General characteristics
- Class & type: Bathurst-class corvette
- Displacement: 650 tons (standard), 1,025 tons (full war load)
- Length: 186 ft (57 m)
- Beam: 31 ft (9.4 m)
- Draught: 8.5 ft (2.6 m)
- Propulsion: Triple expansion, 2 shafts, 1,750 hp
- Speed: 15 knots (28 km/h; 17 mph)
- Complement: 85
- Armament: 1 × 4 inch Mk XIX gun, 3 × Oerlikon 20 mm cannons (later 2), 1 Bofors 40 mm L/60 gun (installed later), various machine guns and small arms, Depth charge chutes and throwers

= HMAS Cessnock (J175) =

1941 Bathurst-class corvette

HMAS Cessnock (J175/B240/A114), named for the town of Cessnock, New South Wales, was one of 60 Bathurst-class corvettes constructed during World War II and one of 20 built for the Admiralty but manned by personnel of and commissioned into the Royal Australian Navy (RAN).

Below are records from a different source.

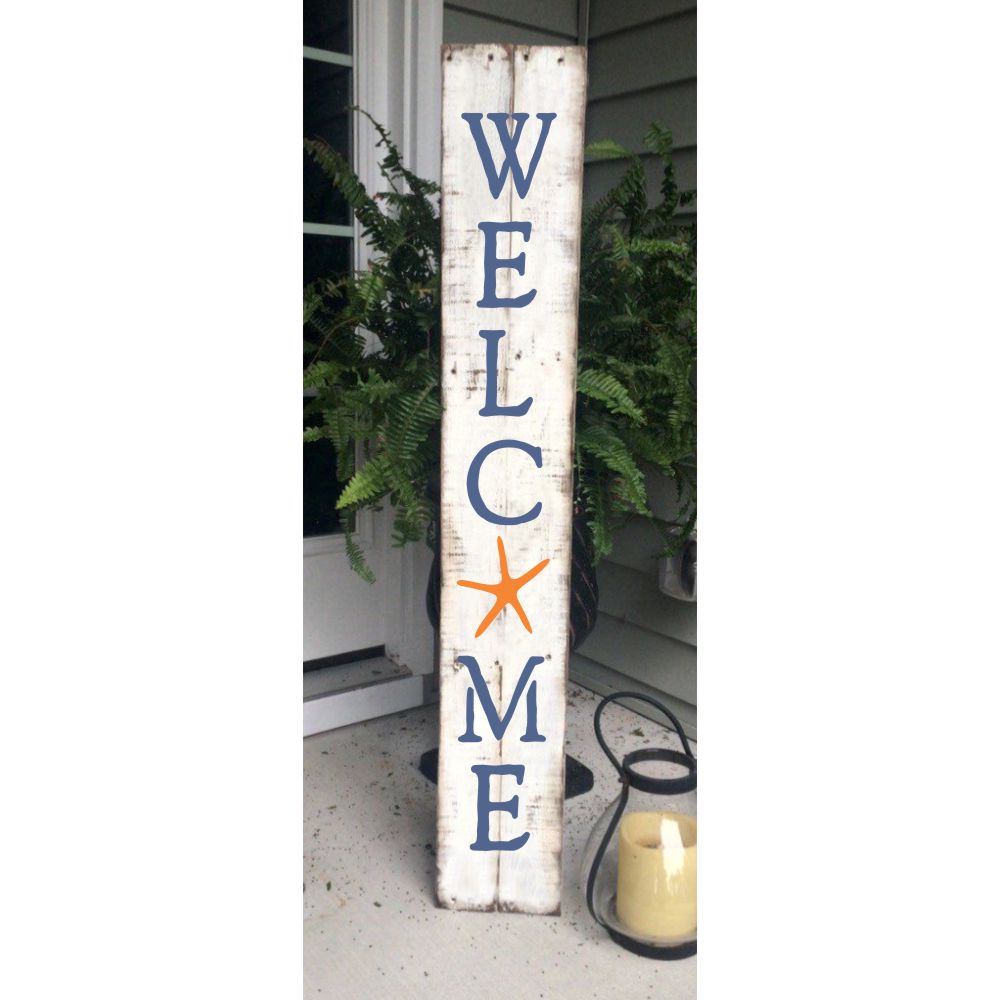 Welcome Starfish Vertical Porch Stencil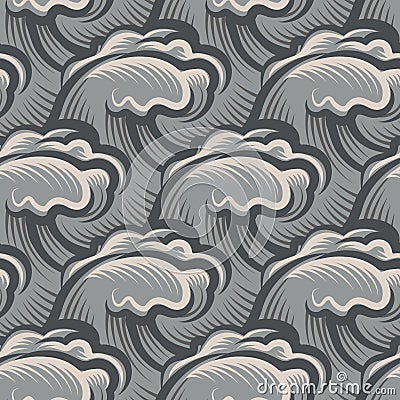 Vintage seamless ocean waves pattern Vector Illustration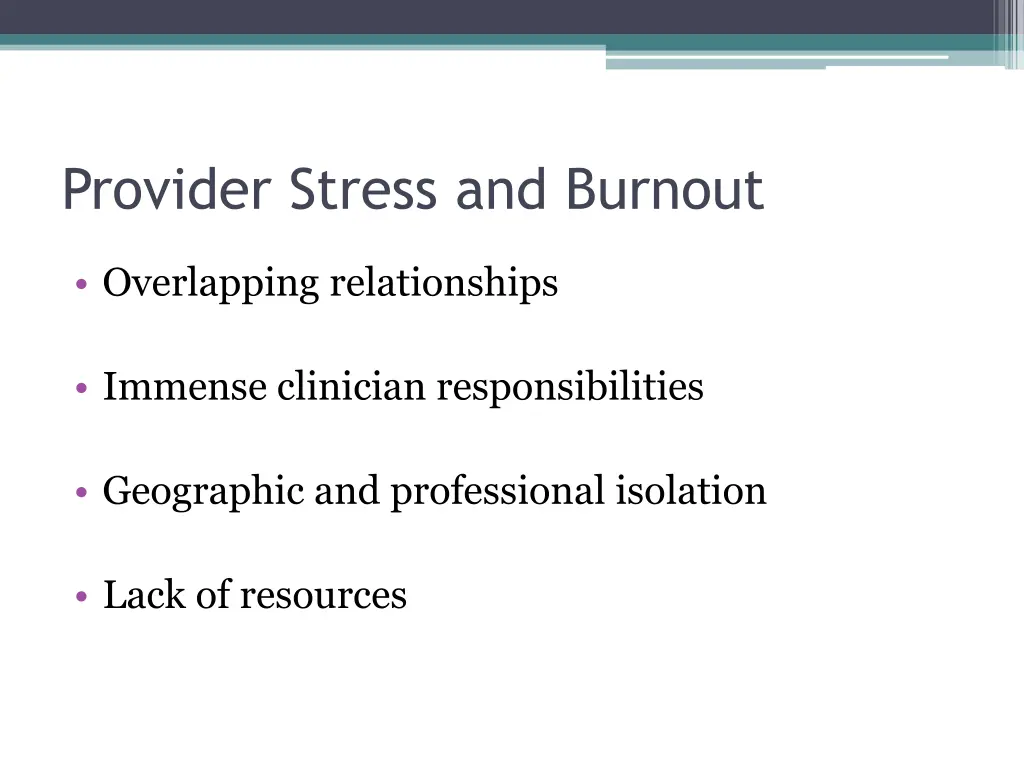 provider stress and burnout
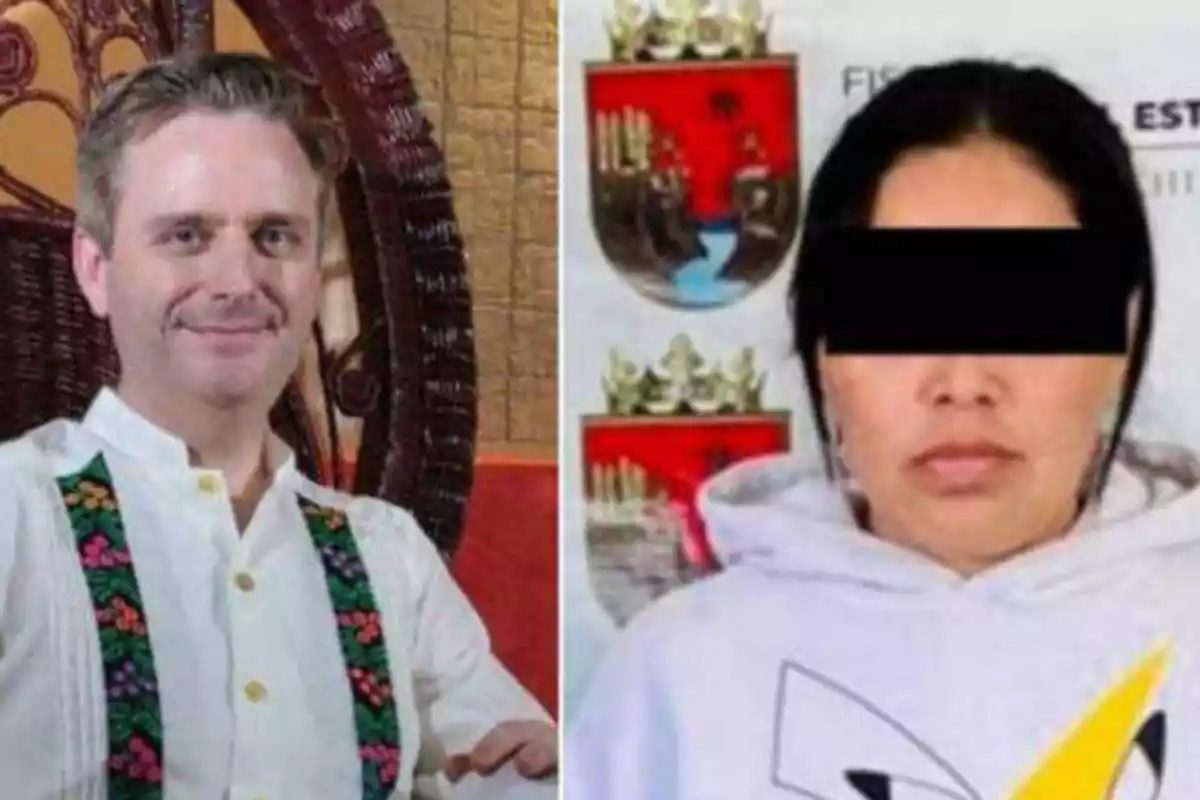 Un hombre con camisa blanca y tirantes coloridos está sentado a la izquierda, mientras que a la derecha hay una mujer con los ojos cubiertos por una franja negra, vestida con una sudadera blanca, frente a un fondo con escudos rojos.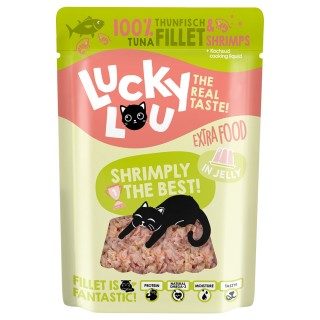 Lucky Lou Extra Food 12 x 70 g - Thunfisch & Shrimps in Jelly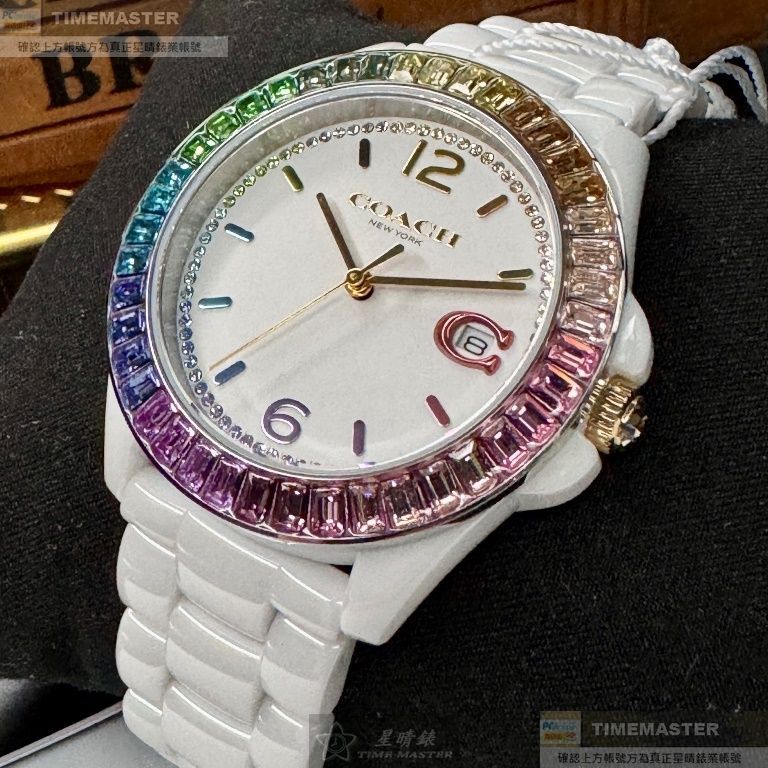 COACH手錶,編號CH00167,38mm白圓形陶瓷錶殼,白色中三針顯示, 鑽圈錶面,白陶瓷錶帶款,限量彩虹鑽圈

==Design and construction==

In 1938, the Australian Commonwealth Naval Board (ACNB) identified the need for a general purpose 'local defence vessel' capable of both anti-submarine and mine-warfare duties, while easy to construct and operate. The vessel was initially envisaged as having a displacement of approximately 500 tons, a speed of at least 10 kn, and a range of 2000 nmi The opportunity to build a prototype in the place of a cancelled Bar-class boom defence vessel saw the proposed design increased to a 680-ton vessel, with a 15.5 kn top speed, and a range of 2850 nmi, armed with a 4 inch Mk XIX gun, equipped with asdic, and able to fitted with either depth charges or minesweeping equipment depending on the planned operations: although closer in size to a sloop than a local defence vessel, the resulting increased capabilities were accepted due to advantages over British-designed mine warfare and anti-submarine vessels. Construction of the prototype did not go ahead, but the plans were retained. The need for locally built 'all-rounder' vessels at the start of World War II saw the "Australian Minesweepers" (designated as such to hide their anti-submarine capability, but popularly referred to as "corvettes") approved in September 1939, with 60 constructed during the course of the war: 36 ordered by the RAN, 20 (including Cessnock) ordered by the British Admiralty but manned and commissioned as RAN vessels, and 4 for the Royal Indian Navy.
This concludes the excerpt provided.